Vinted, the online resale platform founded in Lithuania, has introduced its own venture capital division in a strategic move that could redefine the UK’s rapidly growing re-commerce sector. Named Vinted Ventures, the new fund will focus on growth-stage startups throughout Europe, including the UK, with investment plans set between €500,000 (£425,000) and €10m (£8.5m).
The firm joins an increasing number of large digital platforms venturing into the sphere of venture capital as a means to foster related innovations within their ecosystems. Through this new initiative, Vinted seeks to boost the development of companies operating within the re-commerce value chain—specifically those innovating in logistics and payment solutions—to transform both consumer purchasing habits and product offerings.
A representative for Vinted informed City A.M. that the organization recognizes the strategic significance of supporting businesses that align with its vision: “We’re in constant discussions with intriguing companies: it’s about pinpointing the optimal strategic alignment and investing in top-tier start-ups that can gain from us as a strategic ally.”
Based in Vilnius, Vinted has gained popularity across Europe as consumers increasingly gravitate towards secondhand marketplaces amid persistent inflation and heightened environmental concerns. The UK secondhand and re-commerce market is now estimated to be worth around £7bn, according to current industry assessments.

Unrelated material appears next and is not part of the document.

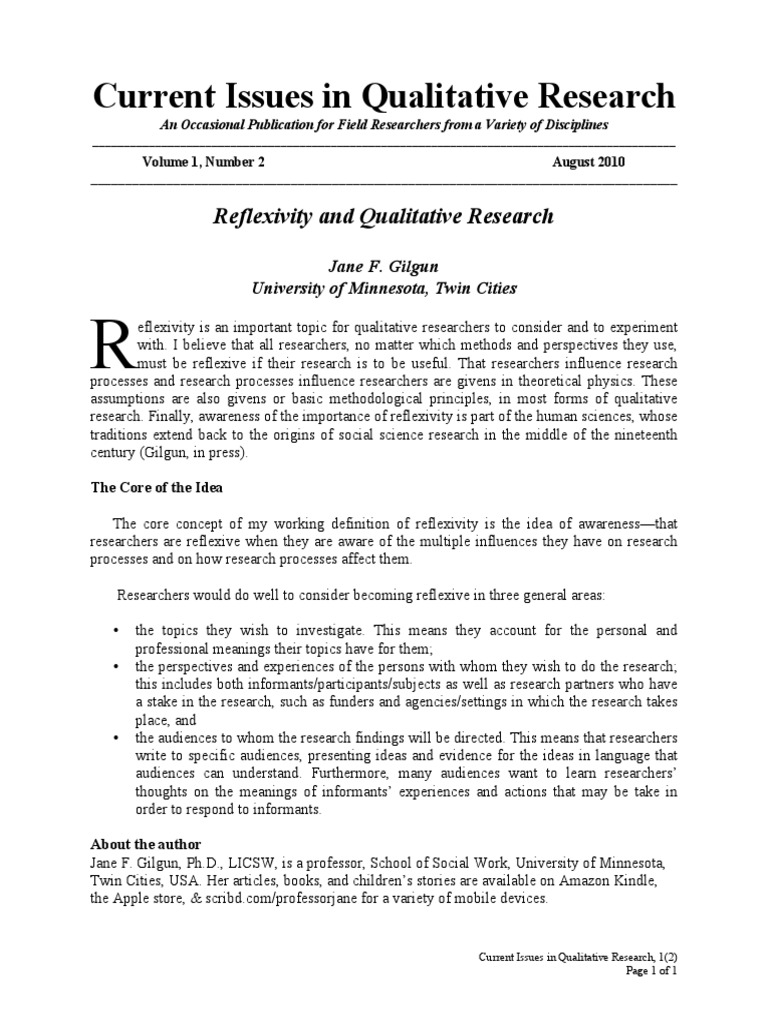 Reflexivity in Qualitative Research | PDF | Reflexivity (Social Theory ...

Platforms like Depop—acquired by Etsy for $1.6bn in 2021—and By Rotation have also prospered by catering to Gen Z customers who prioritize sustainability and slow fashion. London has particularly emerged as a vibrant hub for circular economy startups—those committed to extending product lifecycles to reduce waste—making it a natural focus for Vinted’s venture goals.
The company has not confirmed if any members of its investment team will be based in the UK, but indicated that the Vinted Ventures team is currently situated across various European locations: “It’s too early to make remarks on future staffing,” the representative remarked.
Vinted’s decision to launch a venture capital arm follows a highly successful year of expansion, highlighting its ability to scale profitably. The platform reported revenues of €813.4m (£691.8m) for 2023, with a net profit of €76.7m (£65.2m)—a remarkable 330% increase compared to the previous year. This success is partly attributed to Vinted’s broader presence in Europe and the expansion of its logistics and payment frameworks.
Establishing a venture capital arm is rare for scale-ups of Vinted’s magnitude, yet it reflects similar ventures from tech giants like Coinbase, which runs Coinbase Ventures to fund blockchain enterprises. Like Coinbase, Vinted asserts that its venture initiative is not solely focused on financial returns. Instead, it hopes its support will cultivate the overall re-commerce ecosystem.
CEO Thomas Plantenga underscored this mission-driven perspective: “Vinted illustrates that it’s feasible to scale a tech enterprise that is both impactful and financially stable. The re-commerce sector offers immense potential, which is why we are eager to invest in and develop start-ups that will ultimately thrive from the expansive market.”
Vinted has yet to reveal the initial beneficiaries of its venture capital, but the organization states it is actively engaging in discussions throughout the sector.
With the re-commerce trend continually gaining momentum—and sustainability increasingly at the forefront of consumers’ minds—Vinted Ventures could emerge as a significant new influence in shaping the next wave of retail technology startups in Europe.